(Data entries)
= Beginning of Section =

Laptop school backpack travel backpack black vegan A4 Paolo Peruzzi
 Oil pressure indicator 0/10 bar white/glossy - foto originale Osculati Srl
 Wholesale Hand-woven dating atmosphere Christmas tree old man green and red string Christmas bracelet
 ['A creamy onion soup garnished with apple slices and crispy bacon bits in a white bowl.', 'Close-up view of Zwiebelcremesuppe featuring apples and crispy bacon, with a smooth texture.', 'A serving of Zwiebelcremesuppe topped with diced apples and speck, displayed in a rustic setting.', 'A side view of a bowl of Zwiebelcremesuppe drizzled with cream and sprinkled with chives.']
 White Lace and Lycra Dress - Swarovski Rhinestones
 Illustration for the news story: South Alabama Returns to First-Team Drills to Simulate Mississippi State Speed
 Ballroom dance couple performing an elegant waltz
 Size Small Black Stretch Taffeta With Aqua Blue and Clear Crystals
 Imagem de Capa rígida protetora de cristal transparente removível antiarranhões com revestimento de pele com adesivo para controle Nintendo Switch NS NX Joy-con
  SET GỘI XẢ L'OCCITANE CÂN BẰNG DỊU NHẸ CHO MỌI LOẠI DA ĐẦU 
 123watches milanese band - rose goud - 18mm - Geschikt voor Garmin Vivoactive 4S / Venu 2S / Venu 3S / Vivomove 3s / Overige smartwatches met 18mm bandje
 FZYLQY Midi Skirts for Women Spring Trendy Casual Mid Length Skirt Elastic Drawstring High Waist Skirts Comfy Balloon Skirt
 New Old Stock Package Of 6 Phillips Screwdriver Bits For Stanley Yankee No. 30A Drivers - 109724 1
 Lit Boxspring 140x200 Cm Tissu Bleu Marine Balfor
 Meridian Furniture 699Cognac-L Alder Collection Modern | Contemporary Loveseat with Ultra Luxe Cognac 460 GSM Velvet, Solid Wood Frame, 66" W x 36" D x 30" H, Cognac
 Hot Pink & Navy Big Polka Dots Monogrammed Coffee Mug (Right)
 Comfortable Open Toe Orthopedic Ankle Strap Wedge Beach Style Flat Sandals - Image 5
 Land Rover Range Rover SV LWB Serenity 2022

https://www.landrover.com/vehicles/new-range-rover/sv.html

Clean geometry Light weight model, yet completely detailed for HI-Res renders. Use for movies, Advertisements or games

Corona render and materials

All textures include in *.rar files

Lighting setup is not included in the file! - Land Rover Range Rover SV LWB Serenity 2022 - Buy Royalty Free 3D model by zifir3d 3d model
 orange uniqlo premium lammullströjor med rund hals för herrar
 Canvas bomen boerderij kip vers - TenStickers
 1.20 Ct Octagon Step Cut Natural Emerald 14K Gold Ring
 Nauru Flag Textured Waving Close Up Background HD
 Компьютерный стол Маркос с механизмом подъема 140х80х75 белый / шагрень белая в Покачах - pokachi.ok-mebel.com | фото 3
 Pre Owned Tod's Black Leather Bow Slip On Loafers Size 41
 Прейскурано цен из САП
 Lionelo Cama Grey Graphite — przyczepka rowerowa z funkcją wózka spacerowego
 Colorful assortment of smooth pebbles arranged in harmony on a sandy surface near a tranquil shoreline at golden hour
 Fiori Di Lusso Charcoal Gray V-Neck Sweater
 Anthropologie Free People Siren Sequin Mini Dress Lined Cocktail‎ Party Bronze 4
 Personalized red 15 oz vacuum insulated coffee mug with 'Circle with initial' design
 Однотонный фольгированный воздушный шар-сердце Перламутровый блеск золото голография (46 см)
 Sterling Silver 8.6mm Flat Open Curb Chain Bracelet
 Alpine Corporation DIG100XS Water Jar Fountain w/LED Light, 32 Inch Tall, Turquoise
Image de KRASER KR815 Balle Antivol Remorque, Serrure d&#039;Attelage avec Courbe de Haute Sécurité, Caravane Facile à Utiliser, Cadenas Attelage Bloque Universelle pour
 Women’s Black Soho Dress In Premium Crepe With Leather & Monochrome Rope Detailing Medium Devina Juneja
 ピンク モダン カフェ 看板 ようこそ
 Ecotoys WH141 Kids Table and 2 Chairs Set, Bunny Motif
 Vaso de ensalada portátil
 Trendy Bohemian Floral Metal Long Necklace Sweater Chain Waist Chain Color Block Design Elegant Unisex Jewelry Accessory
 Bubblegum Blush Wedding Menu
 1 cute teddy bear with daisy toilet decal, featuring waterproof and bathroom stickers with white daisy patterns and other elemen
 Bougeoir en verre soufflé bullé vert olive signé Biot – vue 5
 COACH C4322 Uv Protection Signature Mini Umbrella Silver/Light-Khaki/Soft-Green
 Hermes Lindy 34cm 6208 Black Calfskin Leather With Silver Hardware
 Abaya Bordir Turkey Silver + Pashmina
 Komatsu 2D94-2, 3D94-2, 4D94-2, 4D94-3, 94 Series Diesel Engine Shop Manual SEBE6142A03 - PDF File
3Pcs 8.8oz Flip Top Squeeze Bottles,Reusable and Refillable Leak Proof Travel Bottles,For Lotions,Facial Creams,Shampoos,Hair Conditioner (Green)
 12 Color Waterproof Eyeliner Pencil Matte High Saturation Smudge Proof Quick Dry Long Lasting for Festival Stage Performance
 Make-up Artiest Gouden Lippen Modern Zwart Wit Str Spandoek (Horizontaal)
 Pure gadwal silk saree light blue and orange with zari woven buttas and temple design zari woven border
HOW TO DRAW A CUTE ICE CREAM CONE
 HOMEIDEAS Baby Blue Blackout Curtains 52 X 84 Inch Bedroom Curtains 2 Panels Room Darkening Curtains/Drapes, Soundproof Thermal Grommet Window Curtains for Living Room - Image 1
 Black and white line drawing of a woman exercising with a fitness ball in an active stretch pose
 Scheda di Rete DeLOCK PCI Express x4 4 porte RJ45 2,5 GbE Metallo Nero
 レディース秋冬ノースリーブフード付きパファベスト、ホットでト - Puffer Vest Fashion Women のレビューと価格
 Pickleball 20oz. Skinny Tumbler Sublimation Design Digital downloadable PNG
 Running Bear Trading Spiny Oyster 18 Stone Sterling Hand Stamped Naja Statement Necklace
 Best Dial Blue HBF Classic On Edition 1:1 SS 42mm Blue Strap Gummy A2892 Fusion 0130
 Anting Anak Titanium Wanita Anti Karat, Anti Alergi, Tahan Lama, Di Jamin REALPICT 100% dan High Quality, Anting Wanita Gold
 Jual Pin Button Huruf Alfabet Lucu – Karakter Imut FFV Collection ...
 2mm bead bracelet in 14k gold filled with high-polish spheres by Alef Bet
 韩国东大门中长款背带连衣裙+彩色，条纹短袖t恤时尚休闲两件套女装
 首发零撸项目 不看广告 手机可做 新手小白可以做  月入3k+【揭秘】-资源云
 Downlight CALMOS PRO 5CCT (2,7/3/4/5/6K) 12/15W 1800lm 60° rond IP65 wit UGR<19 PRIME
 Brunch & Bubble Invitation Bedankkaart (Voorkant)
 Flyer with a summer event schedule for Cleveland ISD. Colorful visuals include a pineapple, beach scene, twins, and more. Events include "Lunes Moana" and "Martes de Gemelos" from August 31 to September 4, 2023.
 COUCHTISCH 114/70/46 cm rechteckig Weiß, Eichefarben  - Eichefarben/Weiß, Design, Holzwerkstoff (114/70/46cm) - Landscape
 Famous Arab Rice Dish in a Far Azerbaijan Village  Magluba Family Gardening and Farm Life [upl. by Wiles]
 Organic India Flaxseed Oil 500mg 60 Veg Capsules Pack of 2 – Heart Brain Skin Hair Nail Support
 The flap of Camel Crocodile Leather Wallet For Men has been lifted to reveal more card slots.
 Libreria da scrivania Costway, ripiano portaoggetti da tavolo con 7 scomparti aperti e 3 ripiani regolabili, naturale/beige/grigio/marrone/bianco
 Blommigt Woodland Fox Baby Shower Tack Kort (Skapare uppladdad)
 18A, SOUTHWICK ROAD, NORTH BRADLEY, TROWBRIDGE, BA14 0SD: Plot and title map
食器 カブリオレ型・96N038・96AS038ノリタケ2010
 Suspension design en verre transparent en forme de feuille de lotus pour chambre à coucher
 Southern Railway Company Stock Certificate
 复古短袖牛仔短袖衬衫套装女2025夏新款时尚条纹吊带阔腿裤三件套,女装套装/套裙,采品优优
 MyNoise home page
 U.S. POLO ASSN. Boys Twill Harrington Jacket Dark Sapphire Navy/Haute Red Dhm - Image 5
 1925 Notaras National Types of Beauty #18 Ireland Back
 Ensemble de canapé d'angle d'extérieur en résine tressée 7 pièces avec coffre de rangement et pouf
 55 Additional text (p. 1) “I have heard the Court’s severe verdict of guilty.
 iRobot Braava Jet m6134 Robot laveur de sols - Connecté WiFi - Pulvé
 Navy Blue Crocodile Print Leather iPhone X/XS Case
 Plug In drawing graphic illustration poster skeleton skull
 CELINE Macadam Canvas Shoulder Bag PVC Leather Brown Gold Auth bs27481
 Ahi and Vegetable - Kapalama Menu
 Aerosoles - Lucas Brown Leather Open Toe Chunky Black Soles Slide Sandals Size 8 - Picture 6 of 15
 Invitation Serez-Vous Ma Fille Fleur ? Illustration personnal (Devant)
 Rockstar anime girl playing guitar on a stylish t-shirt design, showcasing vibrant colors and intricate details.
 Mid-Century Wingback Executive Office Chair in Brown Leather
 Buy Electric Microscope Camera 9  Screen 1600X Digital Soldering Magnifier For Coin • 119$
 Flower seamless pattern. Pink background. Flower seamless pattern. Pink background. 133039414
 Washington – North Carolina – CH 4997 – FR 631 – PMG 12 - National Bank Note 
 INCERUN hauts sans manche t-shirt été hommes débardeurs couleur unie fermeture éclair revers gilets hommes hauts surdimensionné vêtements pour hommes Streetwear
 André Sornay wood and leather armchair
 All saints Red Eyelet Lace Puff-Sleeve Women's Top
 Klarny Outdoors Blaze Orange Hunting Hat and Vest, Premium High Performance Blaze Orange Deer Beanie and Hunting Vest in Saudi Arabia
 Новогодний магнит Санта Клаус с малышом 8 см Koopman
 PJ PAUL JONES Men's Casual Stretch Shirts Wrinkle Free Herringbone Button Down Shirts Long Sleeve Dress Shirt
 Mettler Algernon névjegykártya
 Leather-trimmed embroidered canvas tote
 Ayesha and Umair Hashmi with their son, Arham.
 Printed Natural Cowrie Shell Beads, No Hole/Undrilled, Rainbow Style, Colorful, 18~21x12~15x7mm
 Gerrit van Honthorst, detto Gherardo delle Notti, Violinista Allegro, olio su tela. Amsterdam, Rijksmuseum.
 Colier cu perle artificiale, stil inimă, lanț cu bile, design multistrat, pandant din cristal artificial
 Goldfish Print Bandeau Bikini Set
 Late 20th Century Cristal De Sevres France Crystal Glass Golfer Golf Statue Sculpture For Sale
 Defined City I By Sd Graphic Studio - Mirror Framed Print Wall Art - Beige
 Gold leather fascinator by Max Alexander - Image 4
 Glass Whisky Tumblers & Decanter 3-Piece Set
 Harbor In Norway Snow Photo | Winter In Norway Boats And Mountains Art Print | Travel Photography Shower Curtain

= End of Section =

Problem statement
Every line above that holds the string "Haute" should be returned.

Written response
Image de KRASER KR815 Balle Antivol Remorque, Serrure d&#039;Attelage avec Courbe de Haute Sécurité, Caravane Facile à Utiliser, Cadenas Attelage Bloque Universelle pour
 U.S. POLO ASSN. Boys Twill Harrington Jacket Dark Sapphire Navy/Haute Red Dhm - Image 5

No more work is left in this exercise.